------ Supplied data ------
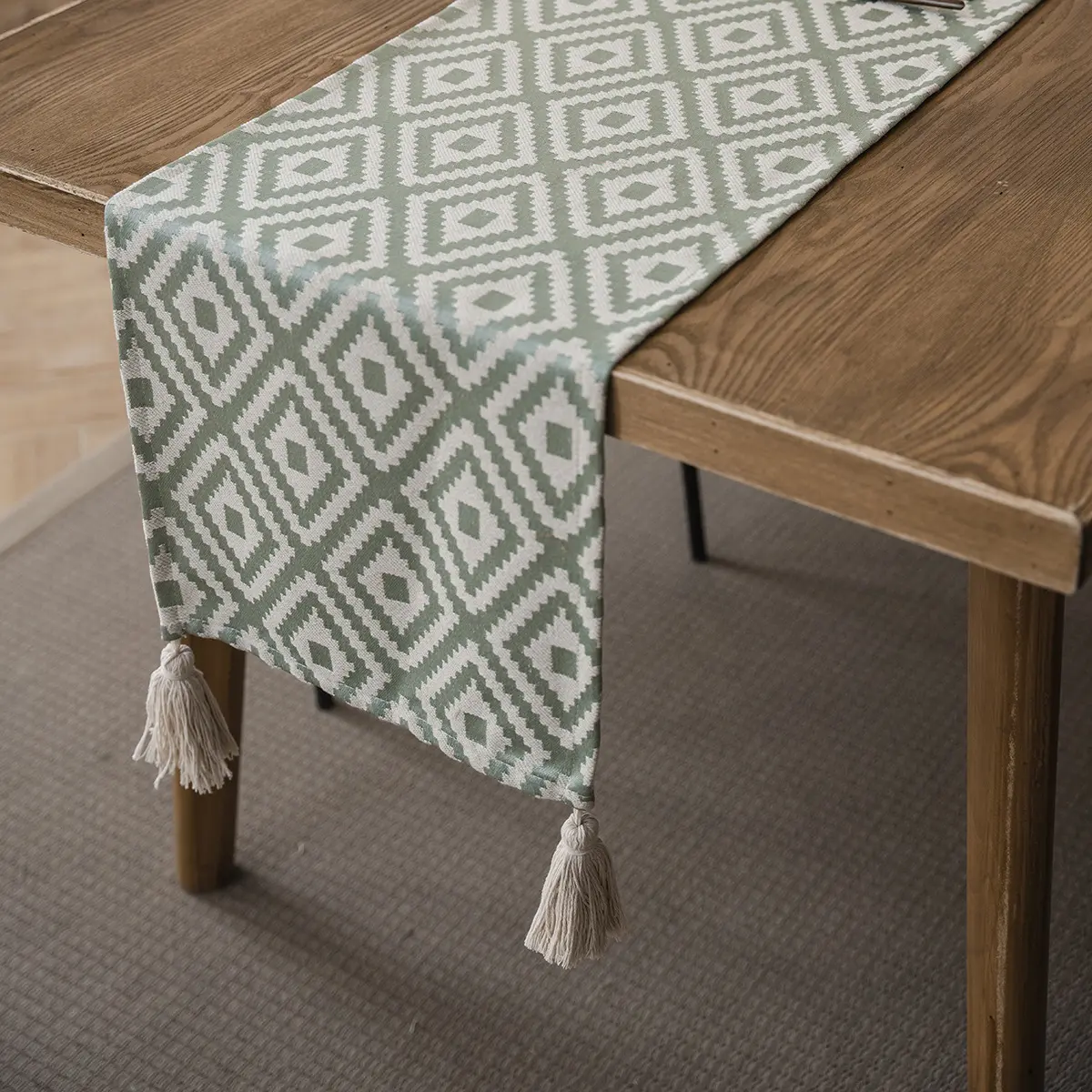 Nordic Jacquard Geometric Table Runner with Tassel for Home Party Decorative Polyester Cotton Table Cloth Dining Table Runners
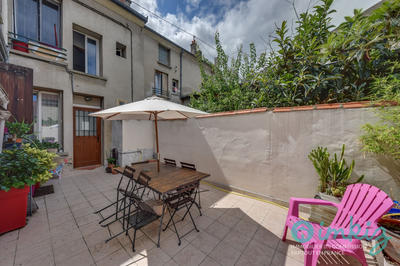 Maison - 120 m² - 8 pièces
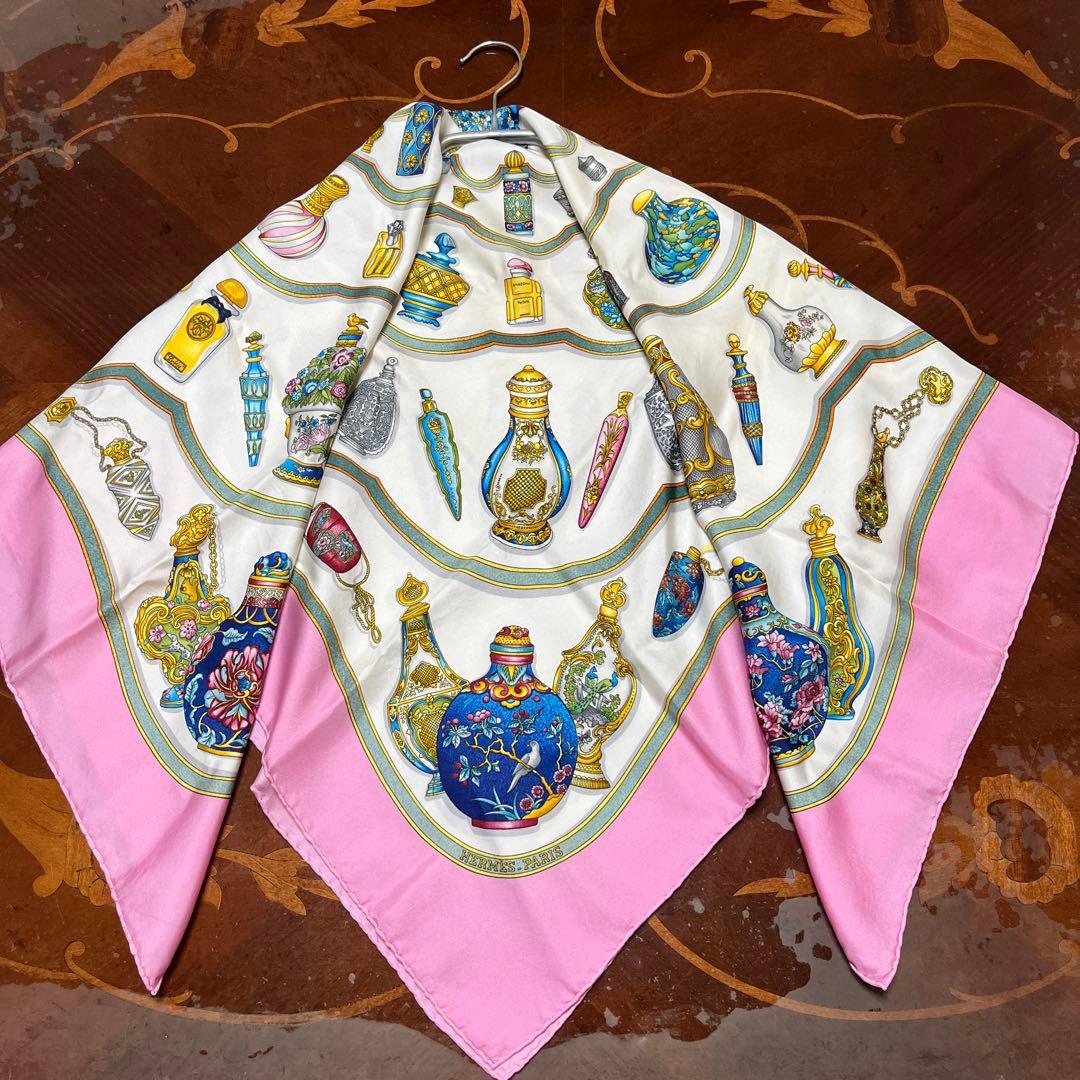 ✨超美品✨HERMES エルメススカーフカレ90 香水瓶柄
------
- **Exercise**
Give an exact copy of the material, leaving out every picture.

- **Task result**
 Nordic Jacquard Geometric Table Runner with Tassel for Home Party Decorative Polyester Cotton Table Cloth Dining Table Runners
 Maison - 120 m² - 8 pièces
 ✨超美品✨HERMES エルメススカーフカレ90 香水瓶柄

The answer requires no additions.